» **WHAT THIS TASK INVOLVES**
From the line containing "Mercedes-Benz TPU elsőfényszóró" to the last line of the listing, both included, copy every line exactly and drop the pictures.

─── SOURCE DATA

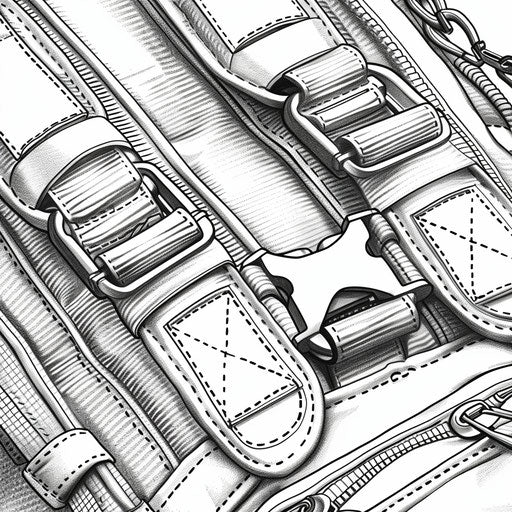 Zippers and buckles of a backpack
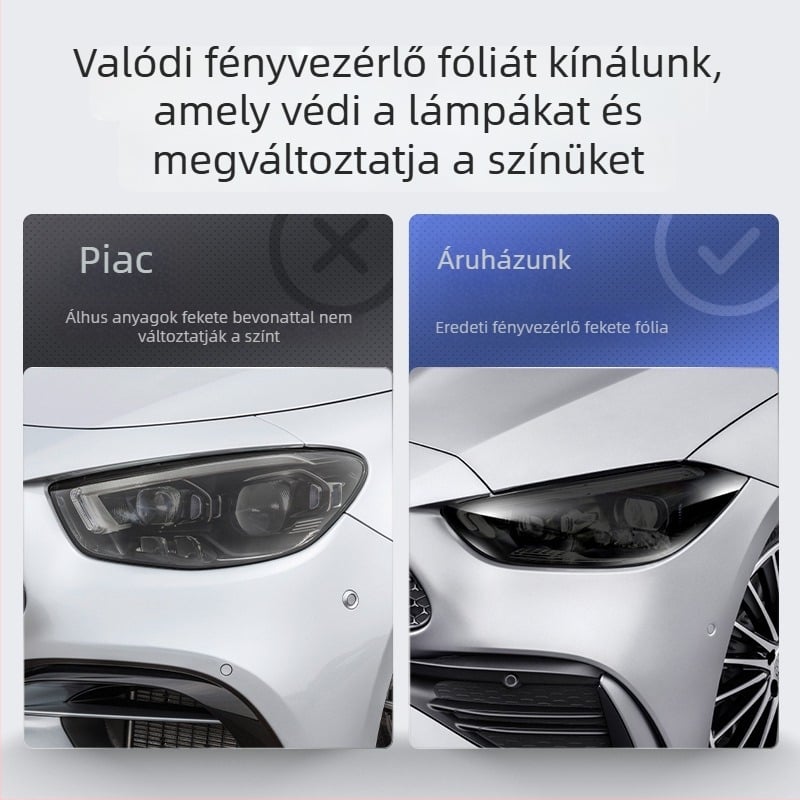 Mercedes-Benz TPU elsőfényszóró fólia, karcolásálló, karcolásjavítás, fényvezérlő kontroll, védőfilm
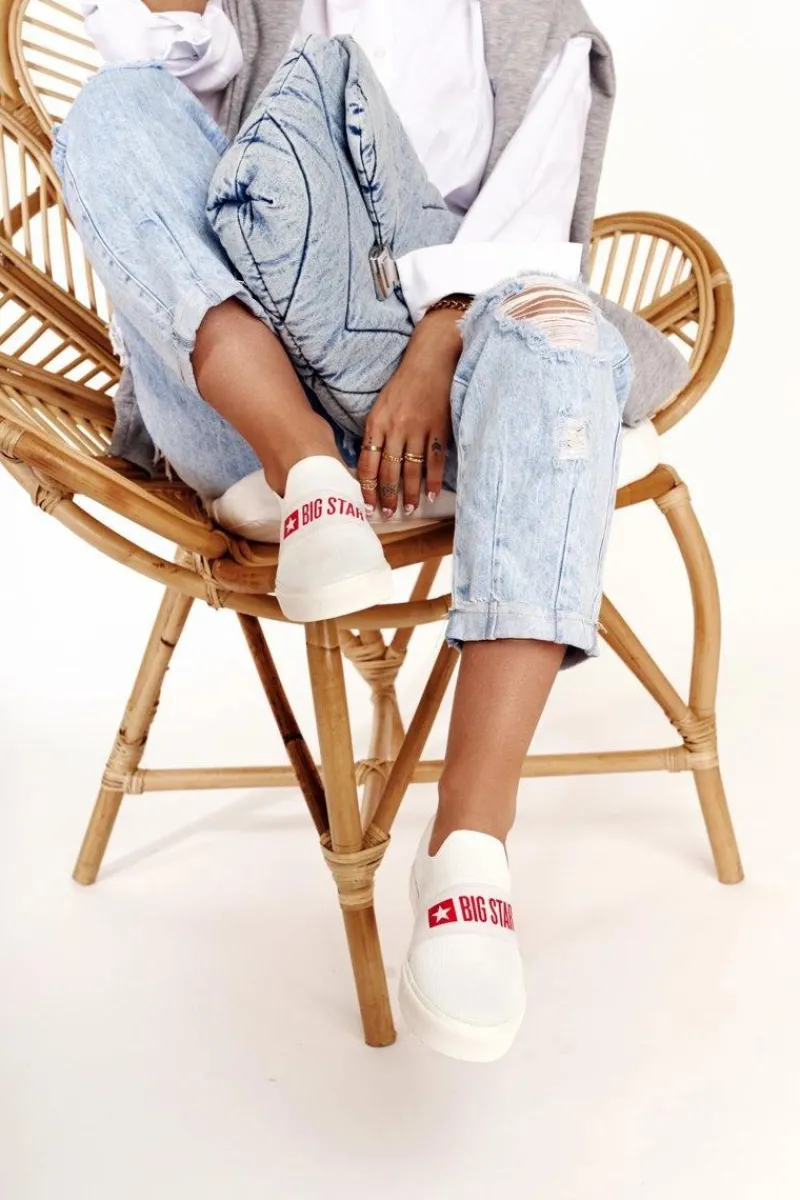 Damskie Tenisówki Slip-on Big Star FF274219 Białe Damskie Trampki Damskie Slip-On|Trampki Damskie Big Star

──────

» **EXERCISE SOLUTION**
 Mercedes-Benz TPU elsőfényszóró fólia, karcolásálló, karcolásjavítás, fényvezérlő kontroll, védőfilm
 Damskie Tenisówki Slip-on Big Star FF274219 Białe Damskie Trampki Damskie Slip-On|Trampki Damskie Big Star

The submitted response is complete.